-- Opening Marker --
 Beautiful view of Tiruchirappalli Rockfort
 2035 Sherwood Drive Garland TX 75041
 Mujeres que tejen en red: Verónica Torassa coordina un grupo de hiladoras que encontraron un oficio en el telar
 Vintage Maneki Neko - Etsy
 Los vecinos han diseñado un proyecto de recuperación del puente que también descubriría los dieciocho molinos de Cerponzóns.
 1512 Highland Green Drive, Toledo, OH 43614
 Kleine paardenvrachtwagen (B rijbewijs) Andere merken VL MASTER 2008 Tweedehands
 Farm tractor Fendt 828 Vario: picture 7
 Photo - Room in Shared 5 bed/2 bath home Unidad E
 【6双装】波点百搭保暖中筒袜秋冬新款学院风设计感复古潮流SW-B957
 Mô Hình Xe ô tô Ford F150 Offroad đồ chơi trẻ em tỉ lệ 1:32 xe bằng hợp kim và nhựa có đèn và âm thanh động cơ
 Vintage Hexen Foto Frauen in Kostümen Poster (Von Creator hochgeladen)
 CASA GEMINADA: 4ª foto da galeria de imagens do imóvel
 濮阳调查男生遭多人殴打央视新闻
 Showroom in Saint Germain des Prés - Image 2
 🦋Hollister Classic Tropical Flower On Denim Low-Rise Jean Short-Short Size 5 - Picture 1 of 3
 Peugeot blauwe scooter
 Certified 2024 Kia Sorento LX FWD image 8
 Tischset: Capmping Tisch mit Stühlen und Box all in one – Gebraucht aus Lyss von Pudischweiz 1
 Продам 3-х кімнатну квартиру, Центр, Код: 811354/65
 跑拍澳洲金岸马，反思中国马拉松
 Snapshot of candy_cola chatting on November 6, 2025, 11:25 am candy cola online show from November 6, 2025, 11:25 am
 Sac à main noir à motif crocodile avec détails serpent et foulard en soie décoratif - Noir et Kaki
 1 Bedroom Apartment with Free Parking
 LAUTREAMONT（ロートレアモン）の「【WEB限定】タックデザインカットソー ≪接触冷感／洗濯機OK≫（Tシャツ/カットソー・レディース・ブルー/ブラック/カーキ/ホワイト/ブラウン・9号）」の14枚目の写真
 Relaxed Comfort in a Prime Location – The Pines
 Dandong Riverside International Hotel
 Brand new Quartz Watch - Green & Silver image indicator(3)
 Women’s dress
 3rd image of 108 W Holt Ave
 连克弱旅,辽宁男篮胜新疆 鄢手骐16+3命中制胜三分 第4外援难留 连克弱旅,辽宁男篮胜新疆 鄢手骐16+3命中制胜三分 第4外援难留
-- Closing Marker --
Work task:
Everything above from the line containing "Certified 2024 Kia Sorento LX FWD image 8" down to the line containing "Snapshot of candy_cola" is to be transcribed exactly, with both of those lines included and nothing else added.

Exercise response:
 Certified 2024 Kia Sorento LX FWD image 8
 Tischset: Capmping Tisch mit Stühlen und Box all in one – Gebraucht aus Lyss von Pudischweiz 1
 Продам 3-х кімнатну квартиру, Центр, Код: 811354/65
 跑拍澳洲金岸马，反思中国马拉松
 Snapshot of candy_cola chatting on November 6, 2025, 11:25 am candy cola online show from November 6, 2025, 11:25 am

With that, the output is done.